Advanced risk intelligence can actually streamline and enhance key touch points, such as opening accounts or applying for mortgage loans. And by enabling business transformation through agile practices, risk functions can help companies make decisions quicker and actually improve effectiveness and efficiency to keep up with — and even stay ahead of — customer expectations, both internal and external.
The same principles apply to innovation cycles. Firms need to move more quickly in driving change, without increasing risk exposures. By embedding risk management into new product development, for instance, they can design offerings with known risks in mind, shorten review and approval timelines, and ultimately get products into market sooner. Plus, products should be designed with long-term monitoring in mind.
The underlying platform to successfully enable this change requires adoption of more effective data intelligence frameworks and more advanced architectures for automation of these capabilities. To do so, they will need a robust foundational platform that integrates with a broader governance, risk and compliance ecosystem. Such platforms can enable more automated risk monitoring and support stronger data models for improved business intelligence and decision-making.
By digitalizing and embedding these key risk management capabilities across the customer and product lifecycle, the 3LoD have not been replaced, they have been strengthened. This new risk management platform allows these capabilities to be deployed and considered early and often, allowing for the traditional second and third-line functions to execute on their independent remits using a single source of the truth and avoiding repeated work. At the same time, the principle of front line ownership of risk is reinforced and evidenced throughout the lifecycle of the business.
The future of 3LoD
Conceptually, the principles of 3LoD are here to stay, but they will be reengineered to be activities-based, adaptive and real-time. People remain part of the solution, but the balance will shift toward reliance on process and technology, and organizational boundaries will be redrawn to ensure lines of defense don’t remain walled-in siloes. In fact, the 3LoD will extend beyond the siloes of the enterprise to encompass the entire ecosystem of alliances and partners.

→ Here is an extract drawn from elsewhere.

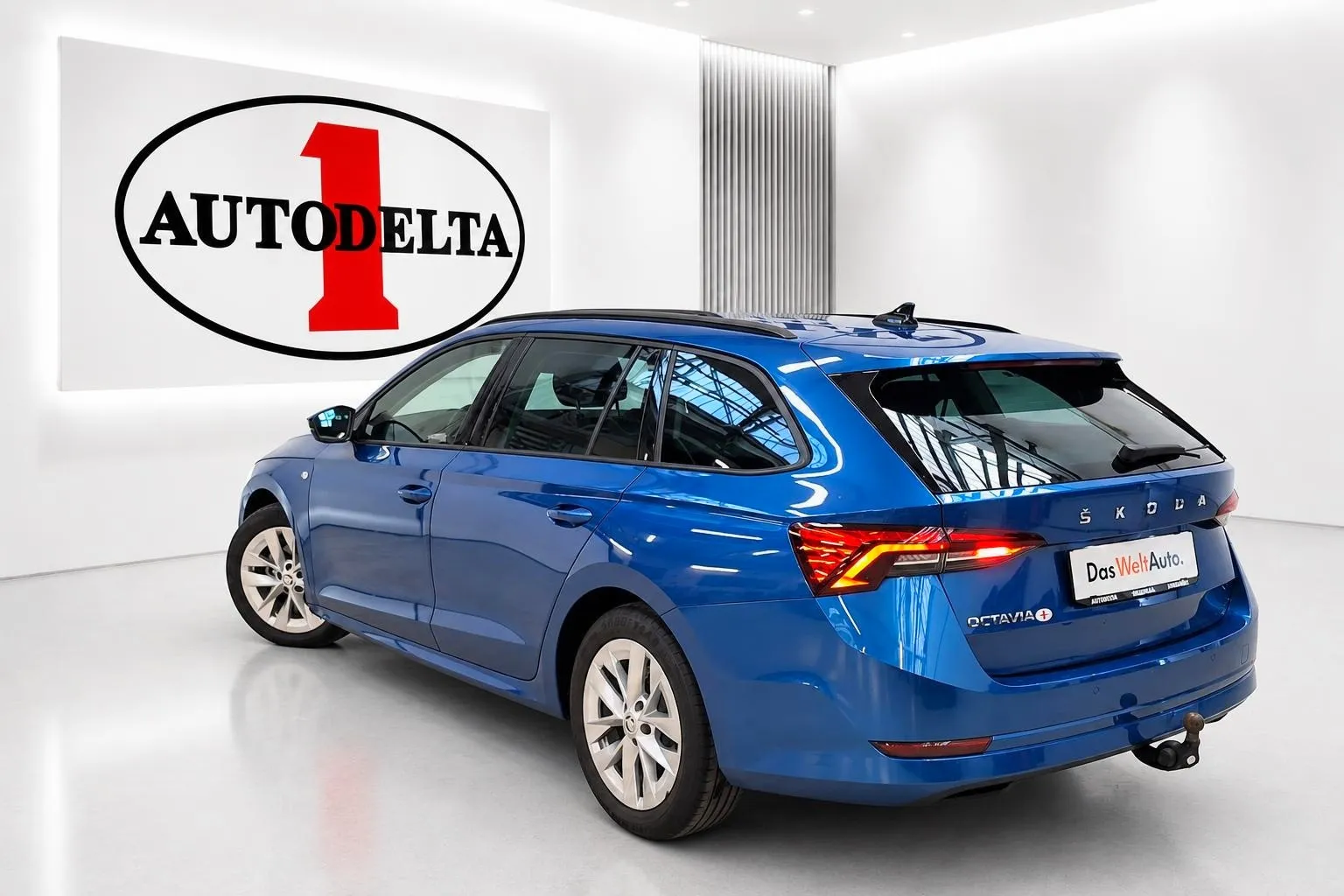 Zunanja slika - Škoda Octavia - Combi 2.0 TDI Ambition DSG - 4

With increasing automation or built-in checks and balances in 1LoD, 2LoD can develop a robust assurance framework designed to ensure that bots and algorithms are secure and operating as designed.

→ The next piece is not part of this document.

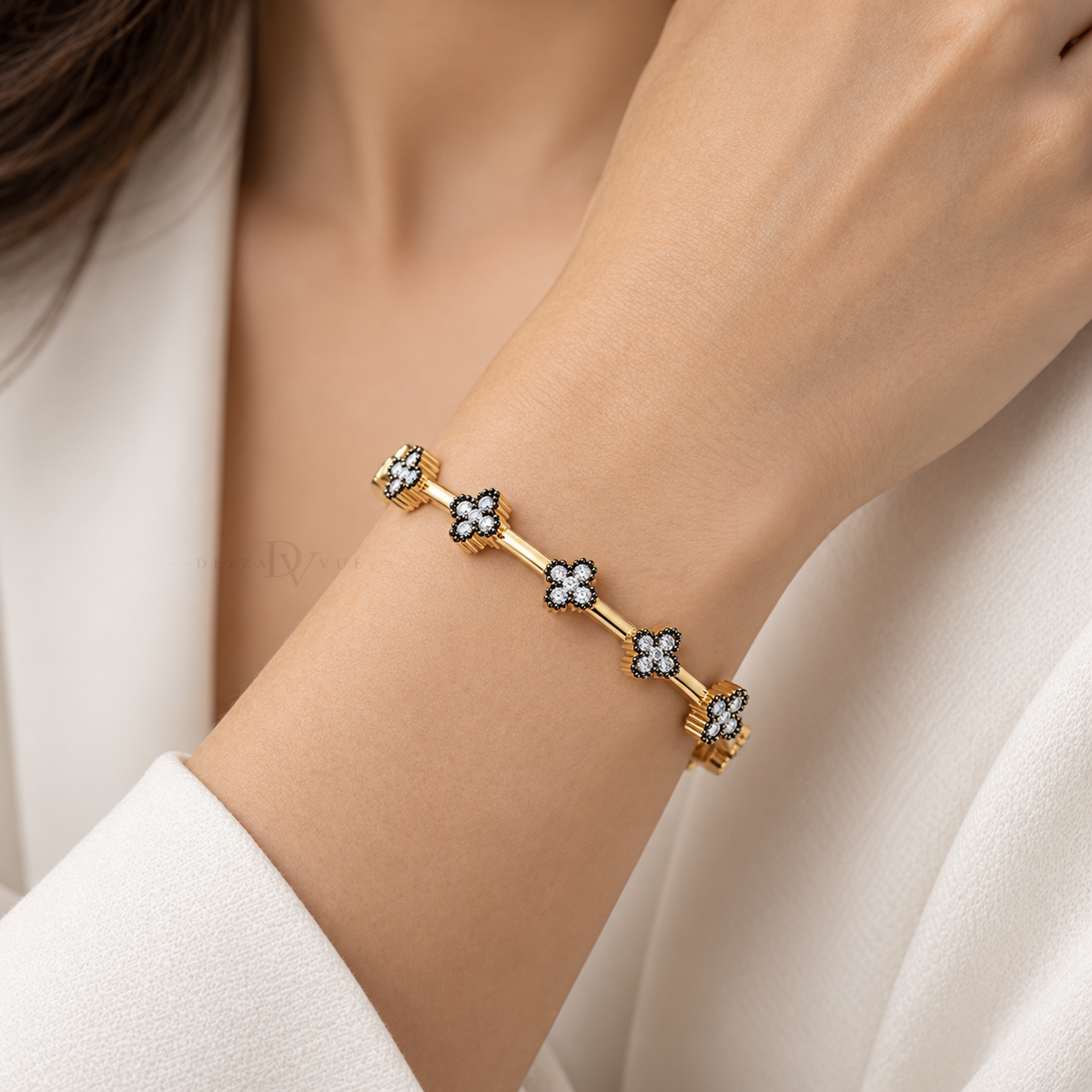 Petite Noir Clover | Black and Clear Pavé Bangle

3LoD will still be needed, but it will now be more forward-looking –where 3LoD used to focus on what went wrong in the past, it will act as prophets of the organization, identifying future opportunities and threats. Boards want this, and some internal audit departments are becoming more relevant to the board by providing such insights.
Adopting a Trust by Design approach could help organizations move forward, by balancing upside risk and downside risk to create a more complete view of the organization and where it could go. An organization that can navigate through uncertainty is one that creates trust and long-term value while it transforms. Customers and regulators alike look for stable, trustworthy organizations – but by being backward-looking, many organizations are missing these opportunities.
Forward-looking risk is fundamental to the future of 3LoD, whatever form it takes.
Summary
Digitalization is an increasingly significant theme in the development of the Three Lines of Defense risk management model. While conceptually the model will remain the same, the roles of each line are being re-engineered. There is a choice of models that organizations could consider adopting, but with consistent principles – being forward-looking and adding value for customers.